2. Scenario 2: Worker Role Load Distribution
Continuing Scenario 1,
depending on the volume of messages, you can either adjust the number
of queues or the number of instances of Worker Roles for processing
orders. For example, if you identify during your testing phase that one
Worker Role can process only ten orders at a time, you can configure
Worker Roles to pick up only ten messages from the queue. If the number
of messages in the queue keeps increasing beyond the number that Worker
Roles can process, you can create more instances of Worker Roles on
demand and increase the order-processing capacity. Similarly, if the
queue is under-utilized, you can reduce the Worker Role instances for
processing orders.
In this scenario, the Queue
service plays the role of capacity indicator. You can think of the
queues in the Queue service as indicators of the system's processing
capacity. You can also use this pattern to process scientific
calculations and perform business analysis. Figure 2 illustrates the Worker Role load-distribution scenario.
In Figure 2,
Worker Roles 1 through 3 can process average order loads. When the
number of orders backs up into the queue, you can spawn more Worker
Roles (4 through n) depending on demand and the need for overall order-processing capacity.

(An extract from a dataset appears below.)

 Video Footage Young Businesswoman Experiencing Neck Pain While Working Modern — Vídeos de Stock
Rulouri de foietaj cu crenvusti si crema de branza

3. Scenario 3: Interoperable Messaging
Large enterprises
use applications from different vendors, and these applications seldom
interoperate with each other. An enterprise may end up buying an
expensive third-party tool that acts as the interoperability bridge
between these applications. Instead, the enterprise could use the Queue
service to send messages across the applications that don't
interoperate with each other naturally. The Queue service exposes a
REST API based on open standards. Any programming language or
application capable of Internet programming can send and receive
messages from the Windows Azure Queue service using the REST API. Figure 3
illustrates the use of the Queue service to interoperate between a
Java-based Sales application and a .NET-based CRM application.

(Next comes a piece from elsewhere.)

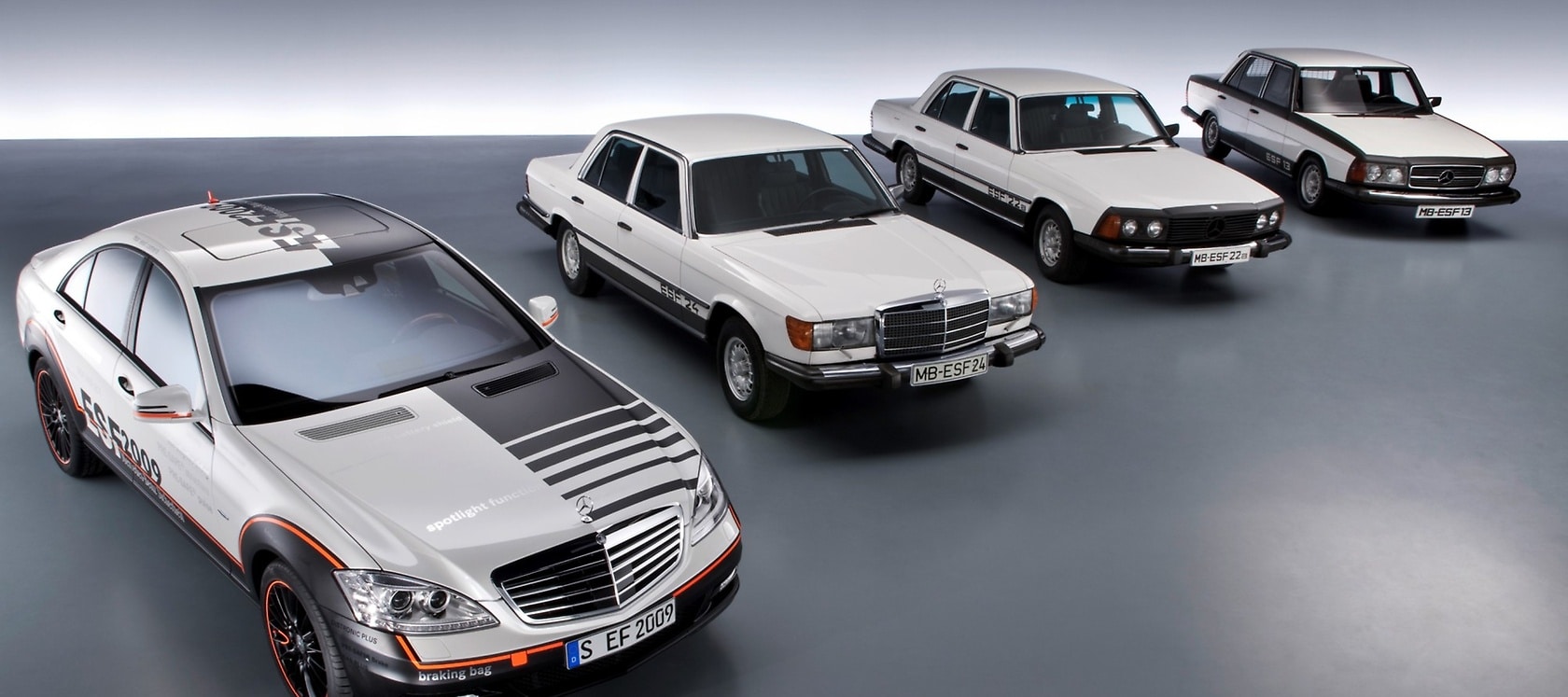 Mercedes-Benz Experimental Safety Vehicles ESV 2009 (2009), ESV 24 (1974), ESV 22a (1973), ESV 13 (1972) – l. to r.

3.1. Scenario 4: Guaranteed Processing
In Scenario 1, every order
needs guaranteed processing. Any loss in orders can cause financial
damage to the company. So, the Worker Roles and the Queue service must
make sure every order in the queue is processed. You can implement
guaranteed processing using four simple principles:
Set the visibilitytimeout parameter to a value large enough to last beyond the average processing time for the messages.
Set
the visibilitytimeout parameter to a value small enough to make the
message visible if message processing fails in a consumer (Worker Role)
or a consumer crashes.
Don't delete a message until it's processed completely.
Design
the message consumers (Worker Roles) to be idempotent (that is, they
should account for handling the same message multiple times without an
adverse effect on the application's business logic).
Figure 4 illustrates guaranteed message processing in the context of the order-processing example discussed in Scenario 1.
In Figure 4, two Web Roles create orders, and three Worker Roles process orders. Consider the following steps:
Worker
Role 1 reads order O1 for processing. Worker Roles typically take 15
seconds to process an order. The visibilitytimeout for messages is set
to 60 seconds.
Worker Role 1 starts processing order O1. At this point, O1 isn't visible to other Worker Roles for 60 seconds.
Worker Role 1 crashes after 10 seconds.
After 60 seconds, O1 becomes visible again because Worker Role 1 wasn't able to delete it.
Worker Role 2 reads O1 and processes it.
After processing is complete, Worker Role 2 deletes O1 from the queue.
The important points to note
here are that Worker Role 1 didn't delete the message from the queue
before processing was complete, and the visibilitytimeout was set to an
appropriate time window to exceed the processing time of an order.